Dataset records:

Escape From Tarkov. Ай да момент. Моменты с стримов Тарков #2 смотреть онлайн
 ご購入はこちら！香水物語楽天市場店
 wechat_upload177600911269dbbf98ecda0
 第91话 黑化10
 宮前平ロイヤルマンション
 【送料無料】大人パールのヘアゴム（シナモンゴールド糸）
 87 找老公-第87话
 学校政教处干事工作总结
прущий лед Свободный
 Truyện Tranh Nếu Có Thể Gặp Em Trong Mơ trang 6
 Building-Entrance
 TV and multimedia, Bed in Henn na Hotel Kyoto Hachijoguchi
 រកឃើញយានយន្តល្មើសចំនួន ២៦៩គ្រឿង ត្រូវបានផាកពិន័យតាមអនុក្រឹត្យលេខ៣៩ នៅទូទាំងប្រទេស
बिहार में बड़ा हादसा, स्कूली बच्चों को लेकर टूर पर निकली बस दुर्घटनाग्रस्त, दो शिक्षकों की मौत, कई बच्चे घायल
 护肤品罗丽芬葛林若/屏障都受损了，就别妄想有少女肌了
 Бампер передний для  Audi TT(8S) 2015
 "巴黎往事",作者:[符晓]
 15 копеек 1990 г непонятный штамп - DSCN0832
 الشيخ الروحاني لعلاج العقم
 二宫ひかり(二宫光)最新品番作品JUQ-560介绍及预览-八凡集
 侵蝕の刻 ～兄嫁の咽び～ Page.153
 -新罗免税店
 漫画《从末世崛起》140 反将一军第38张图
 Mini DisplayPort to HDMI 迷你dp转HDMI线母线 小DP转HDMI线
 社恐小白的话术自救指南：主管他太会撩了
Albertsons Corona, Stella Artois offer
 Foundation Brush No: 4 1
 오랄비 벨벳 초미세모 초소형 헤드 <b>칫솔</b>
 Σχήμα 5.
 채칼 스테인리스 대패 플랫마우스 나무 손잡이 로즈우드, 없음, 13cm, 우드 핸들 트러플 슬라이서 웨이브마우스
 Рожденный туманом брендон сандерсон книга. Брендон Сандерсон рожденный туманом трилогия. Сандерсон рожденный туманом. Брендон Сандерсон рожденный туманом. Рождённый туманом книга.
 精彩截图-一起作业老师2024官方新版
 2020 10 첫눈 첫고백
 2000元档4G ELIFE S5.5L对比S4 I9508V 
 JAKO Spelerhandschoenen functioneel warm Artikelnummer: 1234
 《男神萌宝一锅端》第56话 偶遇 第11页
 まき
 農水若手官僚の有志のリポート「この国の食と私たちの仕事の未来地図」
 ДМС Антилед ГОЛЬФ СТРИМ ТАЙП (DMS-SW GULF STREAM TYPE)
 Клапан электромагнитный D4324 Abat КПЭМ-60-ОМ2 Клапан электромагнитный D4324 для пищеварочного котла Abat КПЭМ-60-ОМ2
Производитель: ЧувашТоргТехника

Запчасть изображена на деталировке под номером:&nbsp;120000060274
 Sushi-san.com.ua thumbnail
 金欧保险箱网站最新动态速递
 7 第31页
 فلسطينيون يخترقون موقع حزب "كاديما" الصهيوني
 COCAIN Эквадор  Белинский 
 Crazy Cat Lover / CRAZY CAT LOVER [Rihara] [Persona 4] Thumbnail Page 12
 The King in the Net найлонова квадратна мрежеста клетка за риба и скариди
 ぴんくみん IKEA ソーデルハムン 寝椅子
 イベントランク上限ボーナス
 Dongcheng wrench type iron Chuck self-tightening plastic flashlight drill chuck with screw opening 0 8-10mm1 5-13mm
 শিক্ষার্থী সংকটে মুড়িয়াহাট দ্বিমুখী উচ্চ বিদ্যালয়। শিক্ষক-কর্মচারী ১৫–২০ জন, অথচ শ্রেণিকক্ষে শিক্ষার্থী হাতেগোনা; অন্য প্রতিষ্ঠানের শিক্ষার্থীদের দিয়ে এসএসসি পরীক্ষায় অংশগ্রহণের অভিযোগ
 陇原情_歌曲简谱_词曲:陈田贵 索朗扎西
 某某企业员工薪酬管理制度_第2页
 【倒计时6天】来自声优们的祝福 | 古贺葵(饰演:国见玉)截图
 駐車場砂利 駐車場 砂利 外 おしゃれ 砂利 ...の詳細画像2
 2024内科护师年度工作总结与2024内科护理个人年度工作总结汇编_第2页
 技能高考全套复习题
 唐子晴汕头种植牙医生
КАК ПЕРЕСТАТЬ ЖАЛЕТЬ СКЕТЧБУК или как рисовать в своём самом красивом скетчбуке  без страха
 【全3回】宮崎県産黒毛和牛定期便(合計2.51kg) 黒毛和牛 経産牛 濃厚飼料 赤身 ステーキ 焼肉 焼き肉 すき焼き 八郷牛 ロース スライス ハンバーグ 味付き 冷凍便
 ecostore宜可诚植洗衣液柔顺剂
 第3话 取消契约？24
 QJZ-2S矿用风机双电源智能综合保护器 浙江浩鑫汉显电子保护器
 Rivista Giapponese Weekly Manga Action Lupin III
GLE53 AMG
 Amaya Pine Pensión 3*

TASK INSTRUCTIONS:
Copy out each line of the data that holds the string "Page".

COMPLETED EXERCISE:
 侵蝕の刻 ～兄嫁の咽び～ Page.153
 Crazy Cat Lover / CRAZY CAT LOVER [Rihara] [Persona 4] Thumbnail Page 12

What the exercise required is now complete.